Com a aposta no mercado internacional, disponibilizei-me a ir para o Brasil assumir as nossas operações no país. Teria nesta minha ida uma oportunidade de independência e de ter um estilo de liderança e gestão próprio. Infelizmente, este sonho nunca chegou a acontecer e tive muita dificuldade em aceitar.
É com este NÃO que nasce a minha coragem! Dei asas à imaginação e ideias não me faltaram. Desde o desenvolvimento de apps para iPhone, a ginásios ao ar livre, a plataformas de negociação de oportunidades de investimento, as experiências foram muitas.
Entre todas estas experiências houve uma com especial carinho. A ida para a China no passado, dada a minha envolvência com uma fábrica de torrefação de café em Macau, permitiu-me ter acesso ao mercado chinês e à procura de casas em Portugal para compra. Nasce a Lince Real Estate.
Na China existe muita simbologia associada aos animais e, na procura de um nome e de uma marca, decidi pesquisar sobre um animal respeitado pelos chineses e pelo mercado chinês. O tigre é a referência e então resolvi ir descendo no tamanho do felino até chegar ao lince, um animal da mesma família, mas com raízes portuguesas também.
Tive a oportunidade de montar uma equipa do zero, de pessoas que acreditaram no projeto e que viram oportunidade como eu vi, e o sucesso foi crescendo. Havia muito imóvel que precisava de ser vendido em Portugal e eu tinha os contatos nos mercados que os procuravam.
Como irrequieto que sou, a mediação imobiliária não me chegava, queria mais. Como o mercado estava a mostrar os primeiros sinais de recuperação, decidi avançar para outro projeto. Fazia-me todo sentido tentar gerir o capital que estava a entrar em Portugal e investir nas oportunidades que estavam a surgir. Assim nasce a Lince Capital. Arrancámos pelo imobiliário e, com o sucesso que fomos atingindo, crescemos a equipa para Venture Capital e Private Equity.
Continuo, hoje e sempre, a ser um eterno irrequieto e curioso. Gosto de criar empresas e negócios, gosto de ver ideias a nascer. Com toda a humildade, deixo aqui algumas linhas que me orientam na vida, sabendo que ainda tenho muito para aprender:
Família: Ter um porto seguro em casa é um pilar fundamental para quem se queira aventurar. O apoio, o sorriso e o abraço de quem nos ama ao fim de um dia difícil são das coisas mais importantes que podemos receber.

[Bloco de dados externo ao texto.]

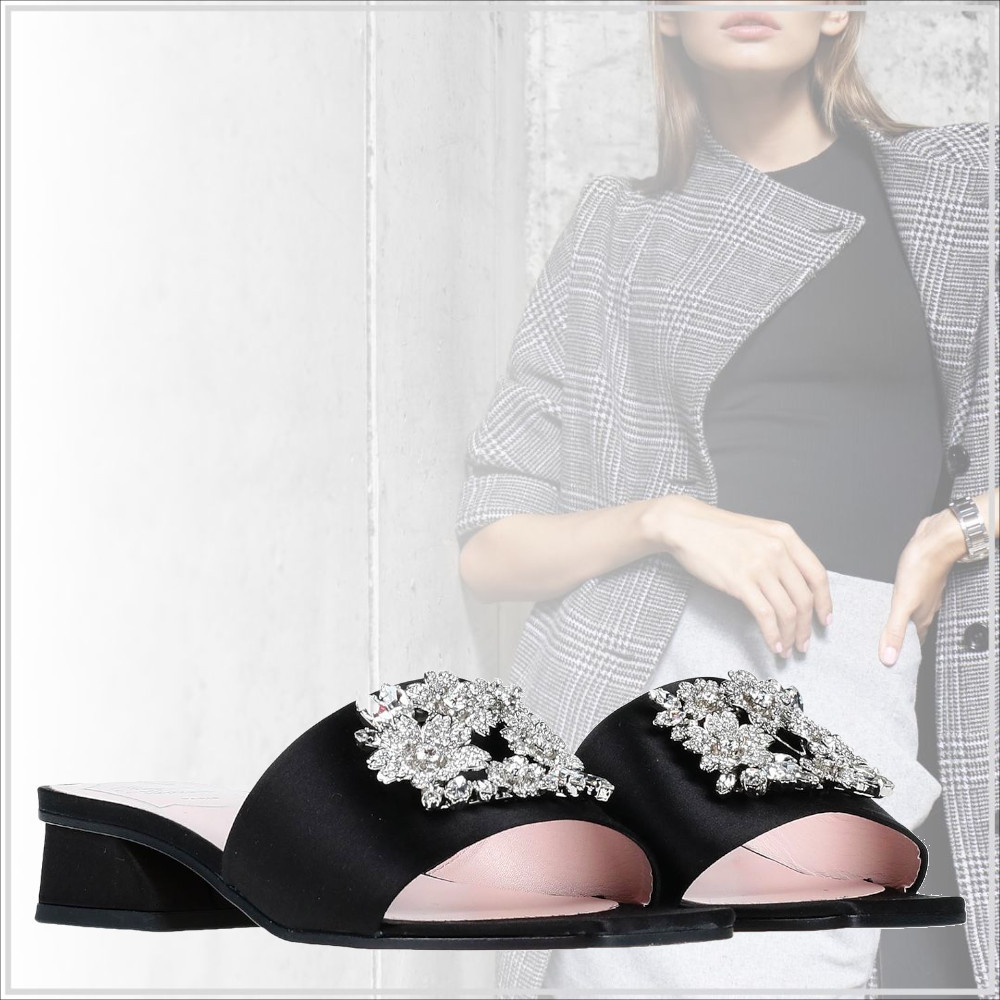 極上の輝き【Roger Vivier】ブーケ ストラス サテン サンダル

Instinto: É algo que se vai adquirindo com base na experiência de vida. O mais importante é falhar e saber levantar-se, saber arriscar, sabendo que, se correr mal, a vida não para e existe sempre a oportunidade de melhorar. Assim, estaremos a alimentar o nosso instinto e temos que o seguir.

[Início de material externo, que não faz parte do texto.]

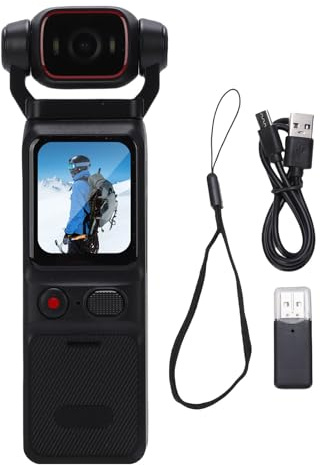 Vikye Cámara Vlogging con Lente Giratoria de 180°, Cámara Portátil 4K WiFi 6 con Grabación de Audio y Vídeo, Estabilización Giroscópica de Eje con Control de Aplicación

Equipa: Um dos aspetos mais importantes no meu percurso. A experiência que tenho tido até hoje permite-me saber ler com quem trabalho e ajuda-me a escolher a pessoa certa para o lugar, mesmo que tenha pouca experiência. Ter ao nosso lado as pessoas certas é completamente transformador, e a experiência adquire-se com tempo e facilidade. O que mais importa é a dedicação e a paixão com que essa pessoa abraça o desafio.
Para terminar, não posso deixar de falar em Portugal, como país e mercado. As viagens e experiências internacionais permitem-me dizer isto com alguma confiança: os portugueses são dos melhores trabalhadores que podemos encontrar, desde que colocados no lugar certo. Temos uma nova geração no país onde o empreendedorismo não assusta. Temos uma economia fraca e desafiadora, com líderes pouco capazes e sem uma visão de longo prazo, porque a agenda política impede que isso aconteça. É difícil empreender em Portugal, mas existe quem o faça com muito sucesso. Com uma legislação mais simplificada, uma carga fiscal mais leve, uma imprensa que dê visibilidade ao sucesso sem se alimentar do insucesso e tribunais que funcionem em tempos razoáveis, imaginem onde Portugal poderia chegar e o crescimento que as empresas portuguesas poderiam ter, criando emprego e mais capacidade de compra para todos.